Treue.
Immer wieder und aufs Neue erweist man sich vielleicht die Treue,
wenn zwei Menschen weiter gehen und weiter zueinander stehen,
im alltäglichen Getriebe, bedingt wohl durch die starke Liebe.
Mancher setzt noch auf die Treue, wo der andere aufs Neue
längst von neuer Liebe spricht und vielleicht weiß er leider nicht,
dass die Treue längst zerbrach, die man ihm vorher gern versprach.
Von Treue hat der Mensch gesprochen, die Treue hat er längst gebrochen
und die Liebe ist gewichen. Wie ein Hund davon geschlichen
hat sich jener der nur kraucht, weil man ihn scheinbar nicht mehr braucht.
So erweist sich leider nur, mancher große Treueschwur,
als ein ziemlich leeres Wort, denn der ganze Sinn ist fort.
Wer will und kann die Treue halten, wenn manche nur die Lust gestalten,
sich selber, an bestimmten Plätzen als den Mittelpunkt zu schätzen,
aber leider, im Geschehen, manchen schlicht nur übersehen?
Ignorierend von sich drängend und sicher kaum zusammen hängend,
kann die Beziehung allgemein, nicht von viel Bedeutung sein.
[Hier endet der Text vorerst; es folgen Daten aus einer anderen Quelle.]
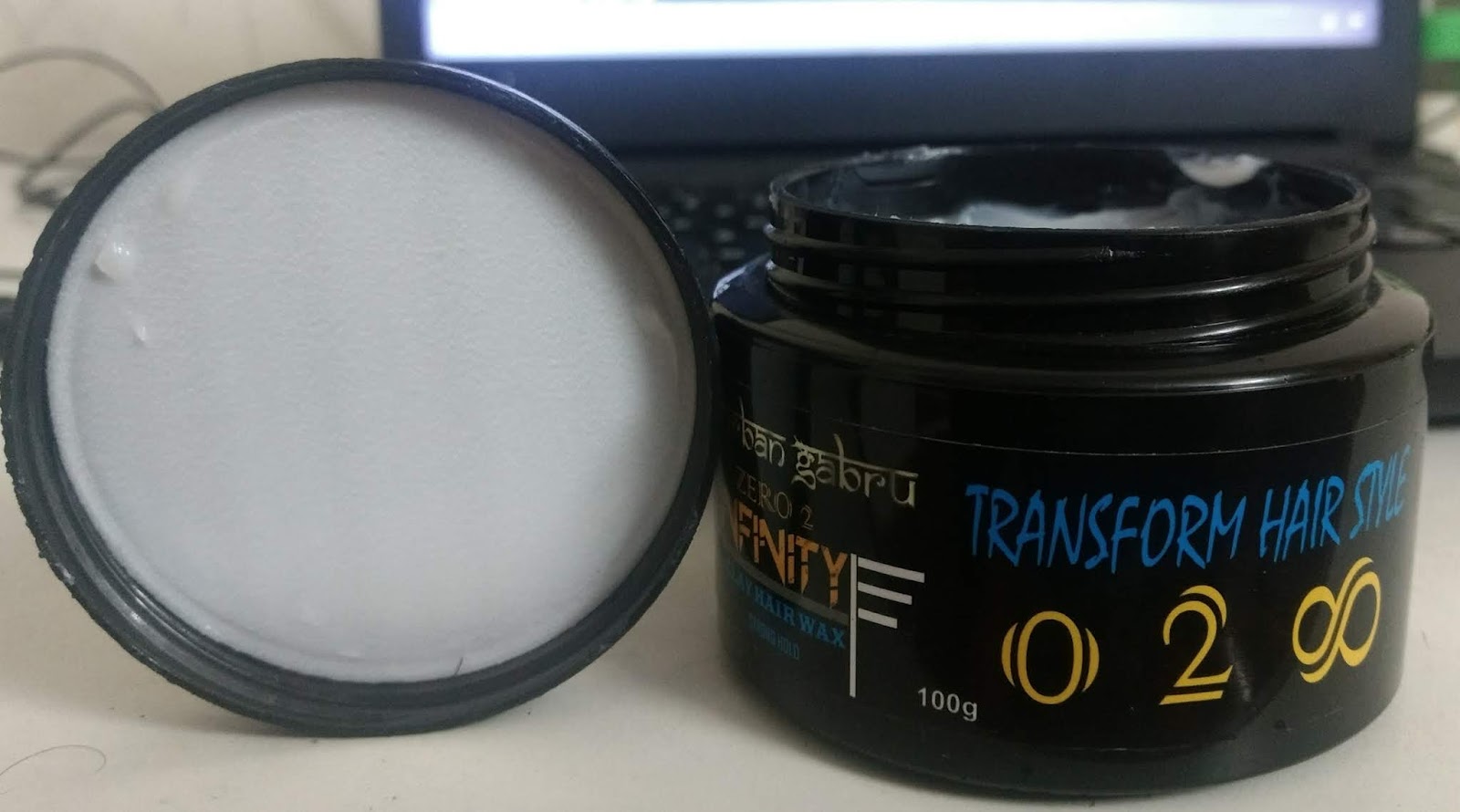 UrbanGabru Hair Wax UrbanGabru ZERO 2 INFINITY Clay Hair Wax Review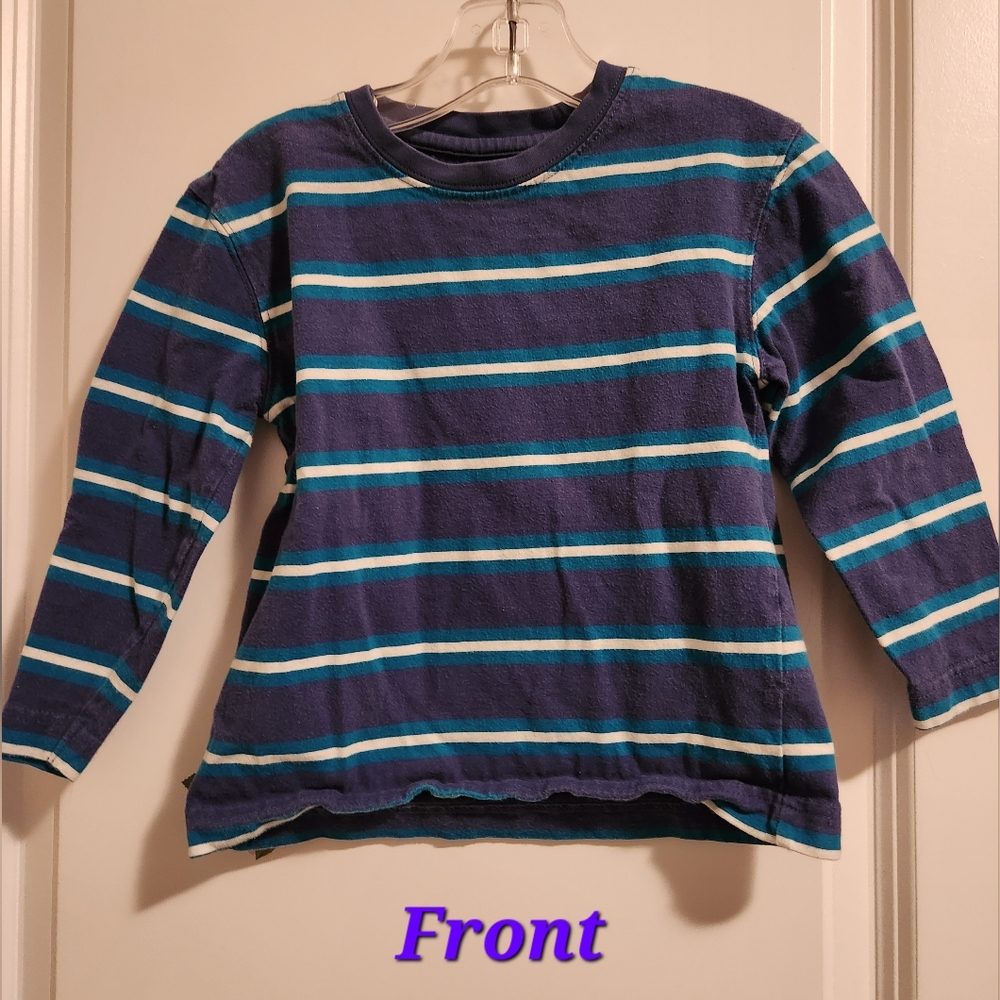 Cherokee Boys Size 4 Long Sleeve Top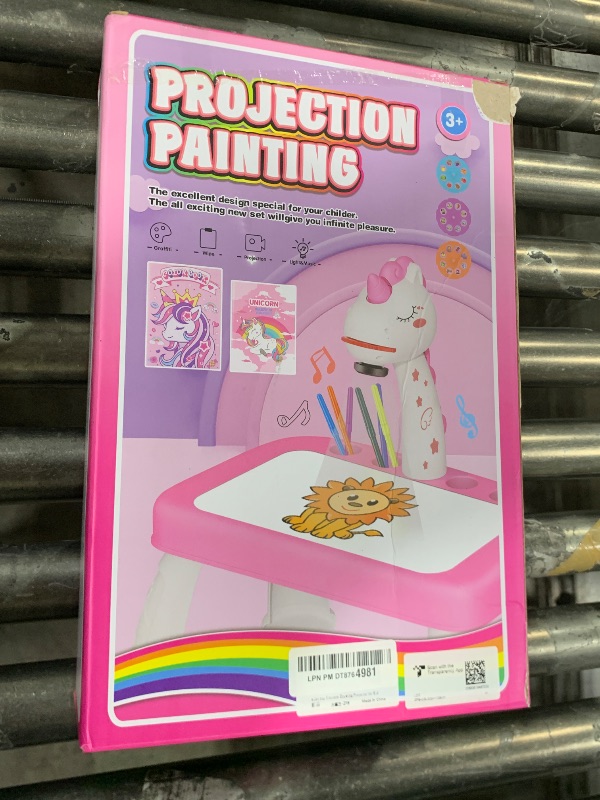 Photo 1 of wakeInsa Drawing Projector,Arts and Crafts for Kids,Include Drawing Board,Crayons,Coloring Book,Stickers etc,Girls Unicorns Toy,Toddler Learning Toys,Unicorns Gifts for Girls,Toys for 3+ Years Old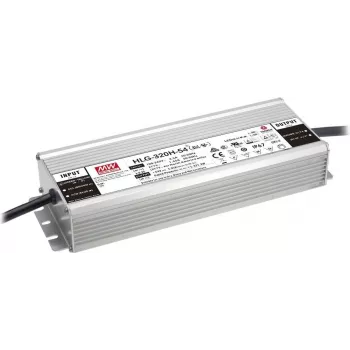 Zasilacz LED Mean Well 320W 24V IP67, stałonapięciowy sterownik do zewnętrznych systemów LED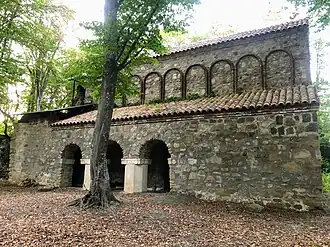 Église du monastère Saint-Jean-Baptiste de Kalaouri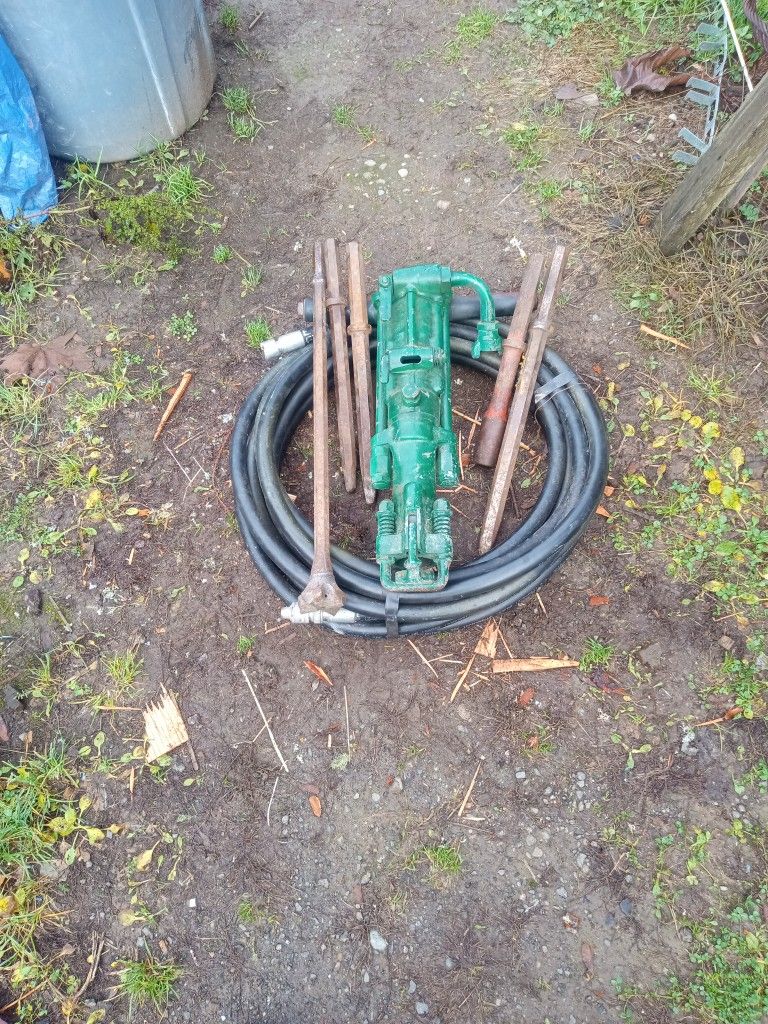 Heavy Duty Air Jack Hammer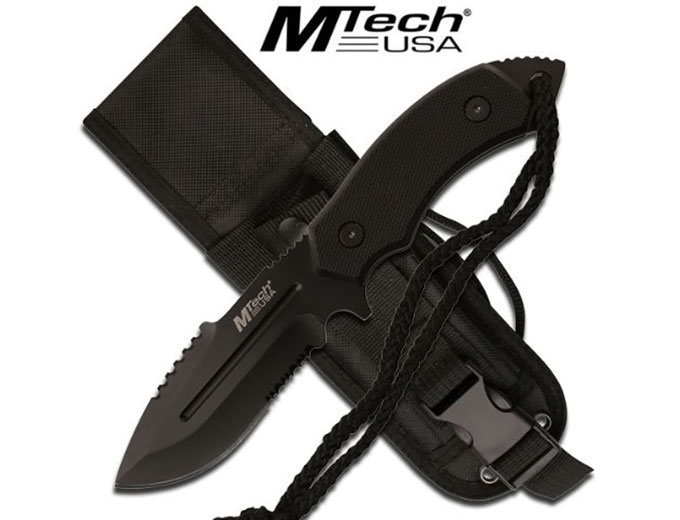 MTECH USA Fixed Blade Knife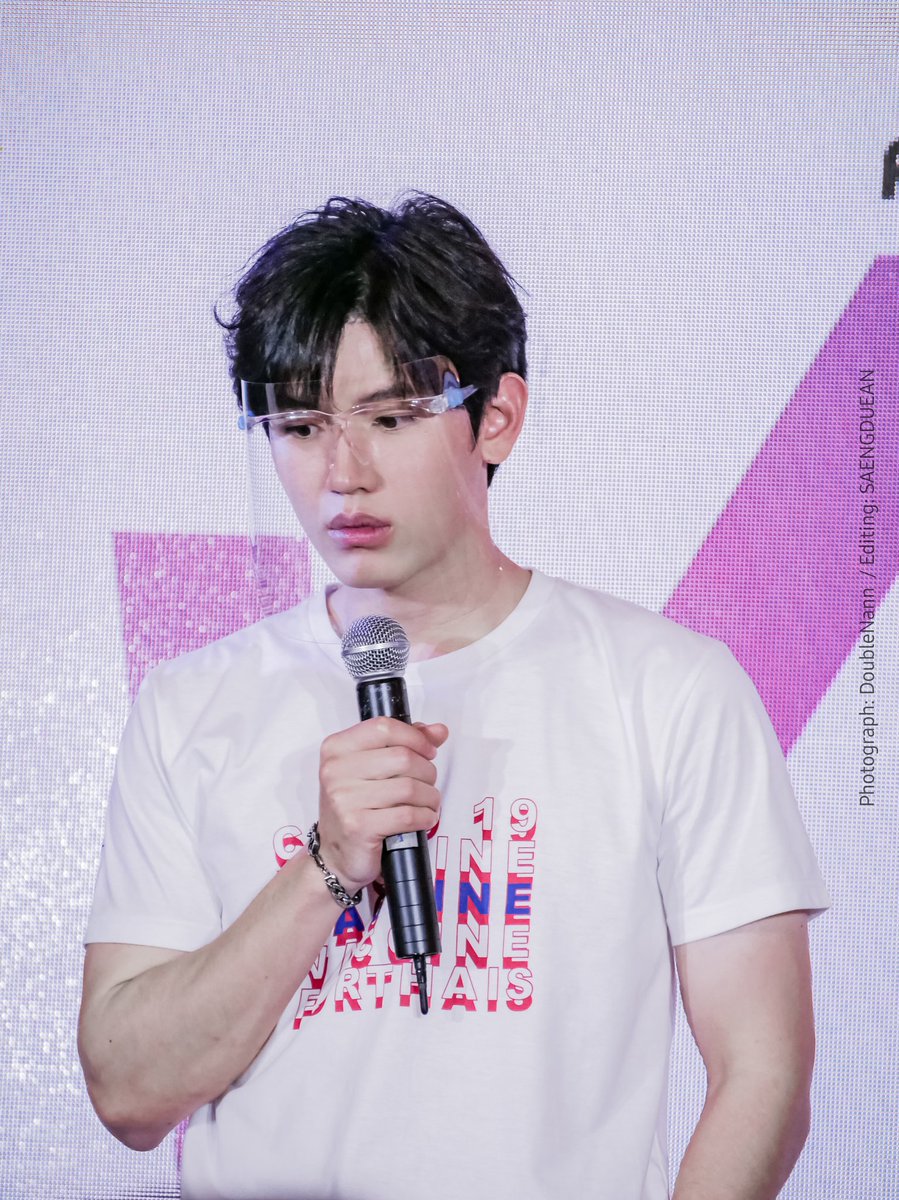 Sulking because he was sick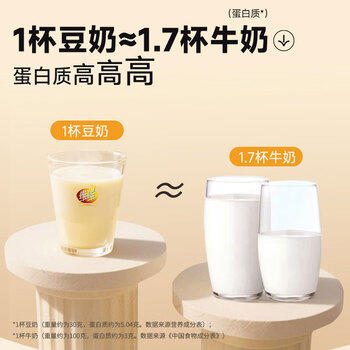 维维维他型豆奶粉760g/袋营养早餐 速溶即食 冲饮代餐 非转基因大豆  /水饮冲调 /冲饮谷物 /豆浆/豆奶粉 商品图7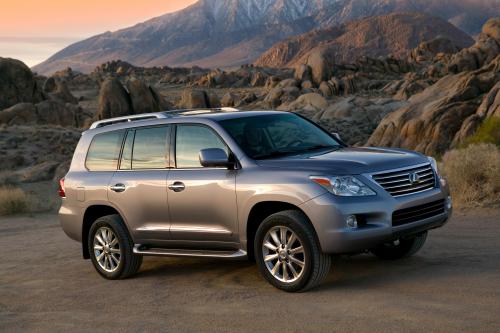 Lexus LX 570 (2010) - picture 1 of 63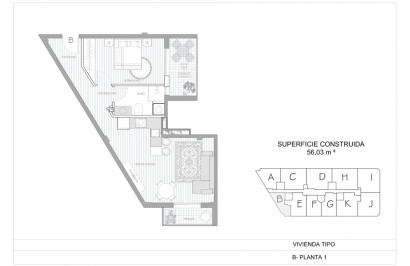 Obra nueva - Apartamento / Piso - Alcantarilla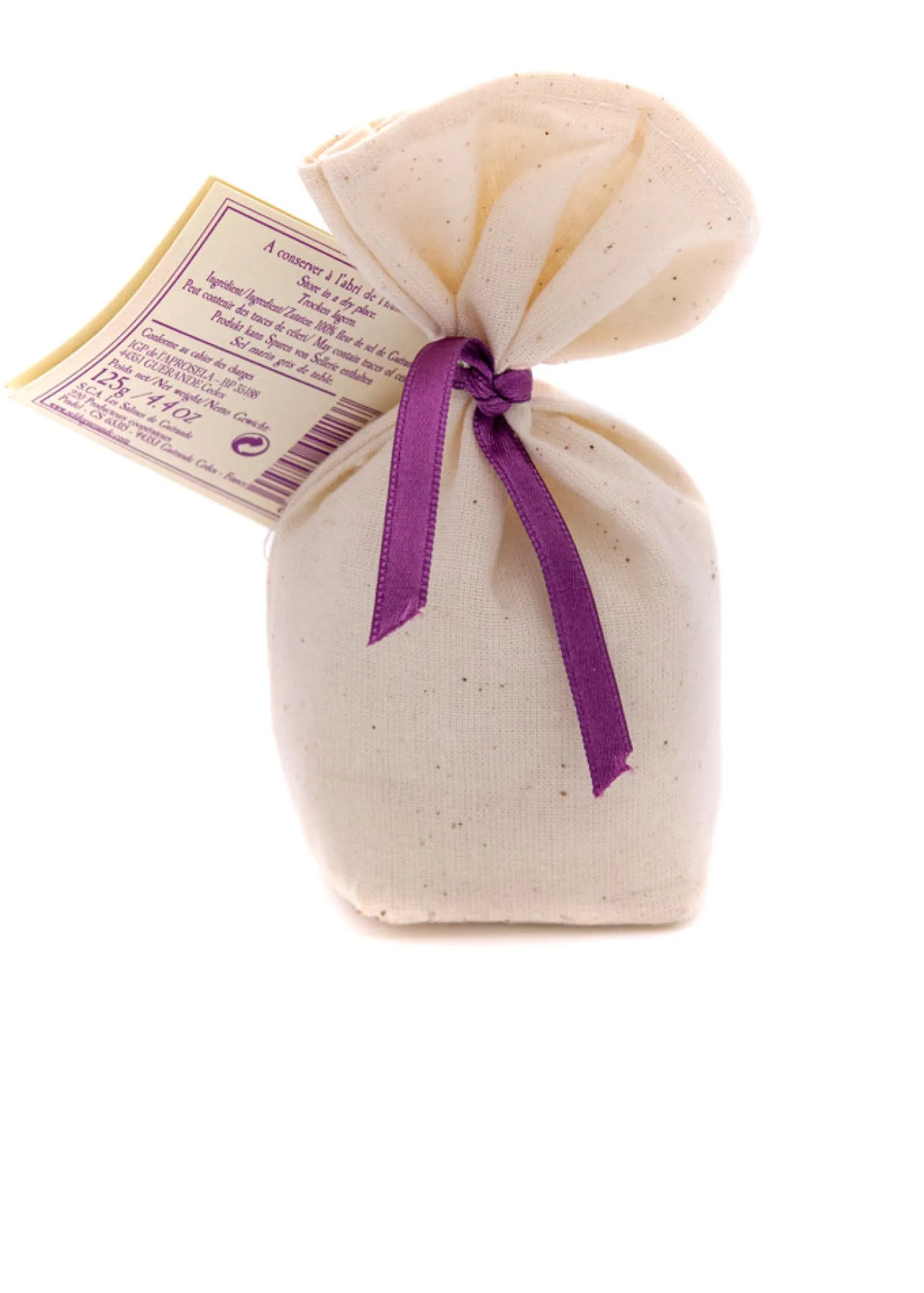 Fleur de Sel de Guérande im Säckchen g.g.A.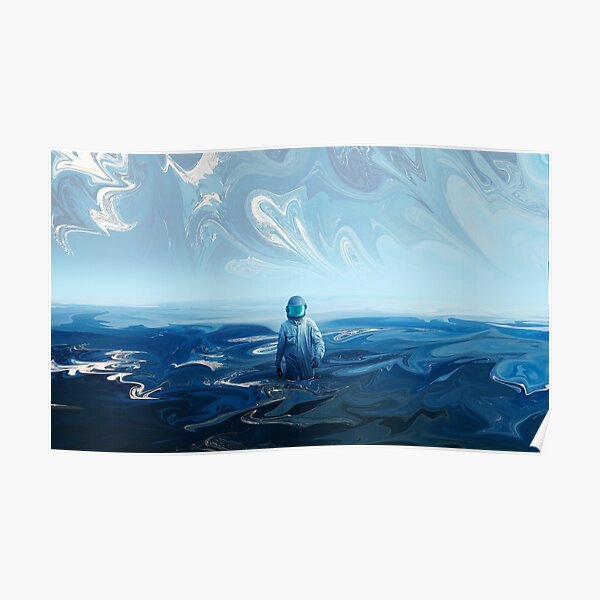 space sea Poster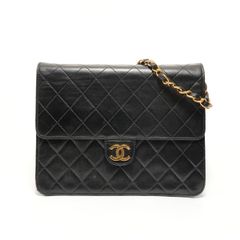 CHANEL シャネル ショルダーバッグ 10番台 2005-2006 ハラコ コットン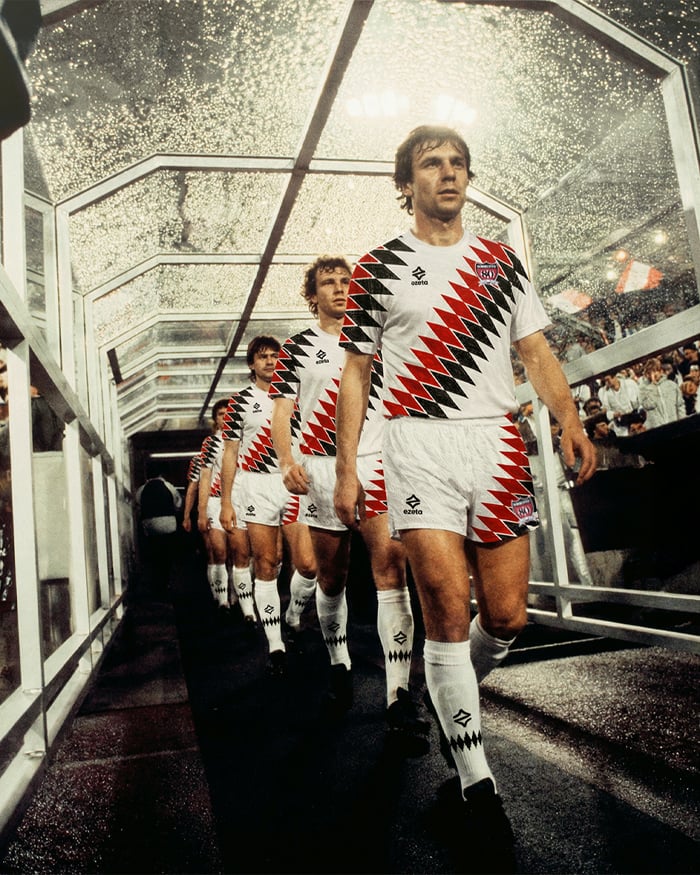 Full view of the Home Shirt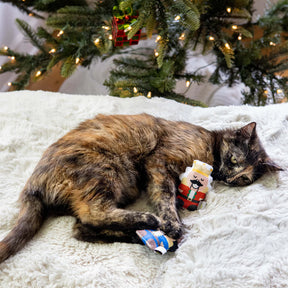 Pearhead - Holiday Nutcracker Cat Toys (2 Pack)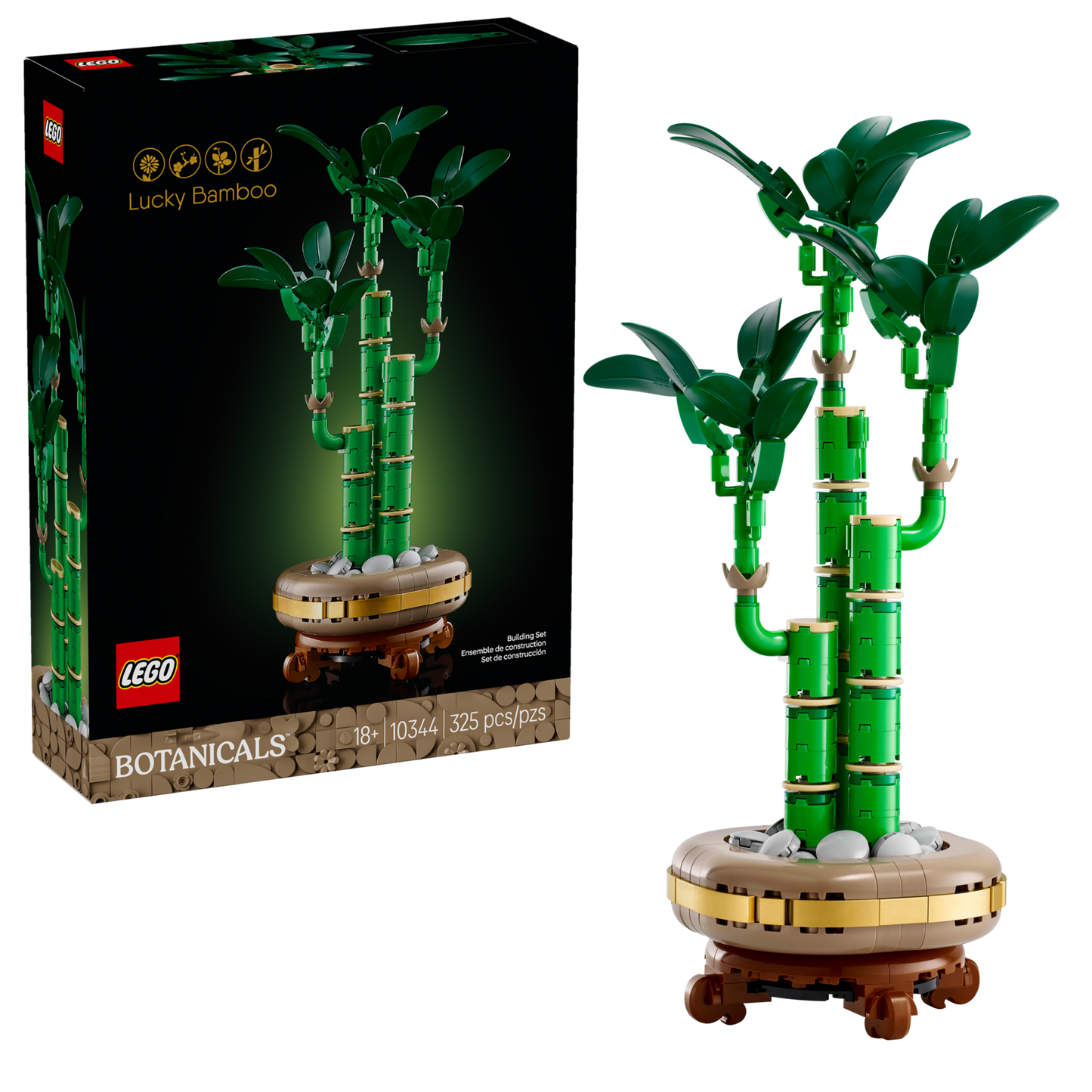 LEGO 10344 Botanicals Bambu del Buon Auspicio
Manchen hat man nur verstoßen, in den argen und den großen
kummervollen Lernprozess, unter Schmerzen und viel Stress.
Schmerzlich muss ganz allgemein die peinliche Erfahrung sein,
im treue losen „Nichts“ beschert. Was ist das Wörtchen Treue wert,
wo man nicht weiß um was geht, wenn man nur auf sich selbst besteht,
ohne Rücksicht und Vernunft? Wer klagt in seiner Unterkunft,
nur verachtet und verstoßen, über seinen Schmerz den großen,
der ihm in der Seele brennt, wenn man ihm nicht die Wahrheit nennt?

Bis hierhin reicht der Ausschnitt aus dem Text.